◆ WHAT THE TASK REQUIRES ◆
Would you transcribe the listing that follows, character for character, and omit its images?

◆ DATA ◆
↓↓↓

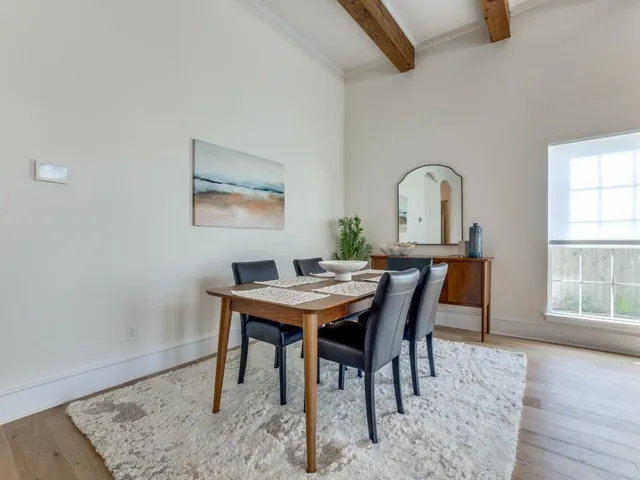 a dining room with furniture and wooden floor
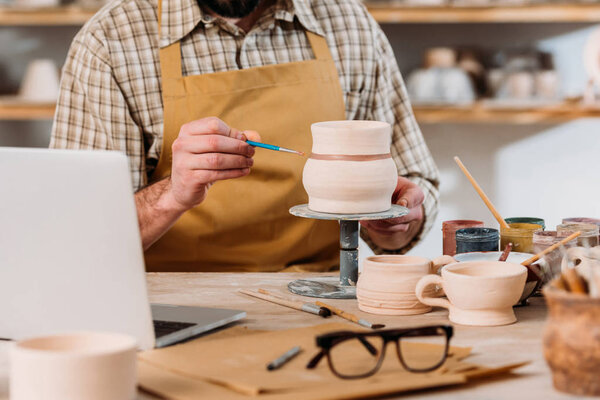 cropped view on potter painting ceramic jug in workshop with laptop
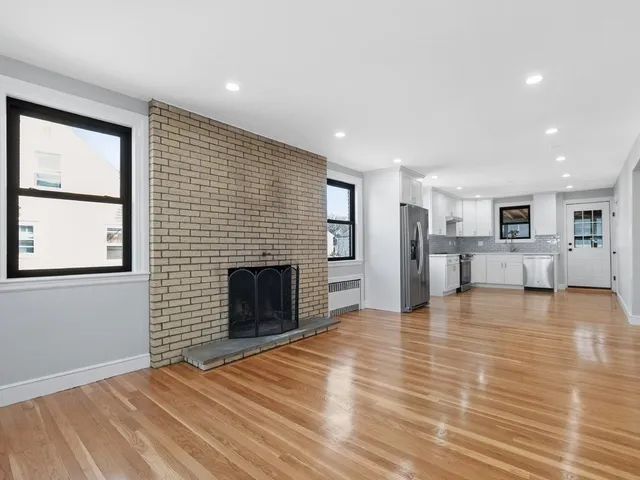 an empty room with wooden floor and fireplace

↑↑↑

◆ ANSWER TO THIS TASK ◆
 a dining room with furniture and wooden floor
 cropped view on potter painting ceramic jug in workshop with laptop
 an empty room with wooden floor and fireplace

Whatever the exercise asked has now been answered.